• [Input data]

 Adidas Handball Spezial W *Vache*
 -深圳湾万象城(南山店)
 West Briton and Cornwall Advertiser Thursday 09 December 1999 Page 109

• [Task statement]
From the line containing "-深圳湾万象城(南山店)" to the last line of the listing, write everything out exactly. Nothing outside that stretch belongs.

• [The answer]
 -深圳湾万象城(南山店)
 West Briton and Cornwall Advertiser Thursday 09 December 1999 Page 109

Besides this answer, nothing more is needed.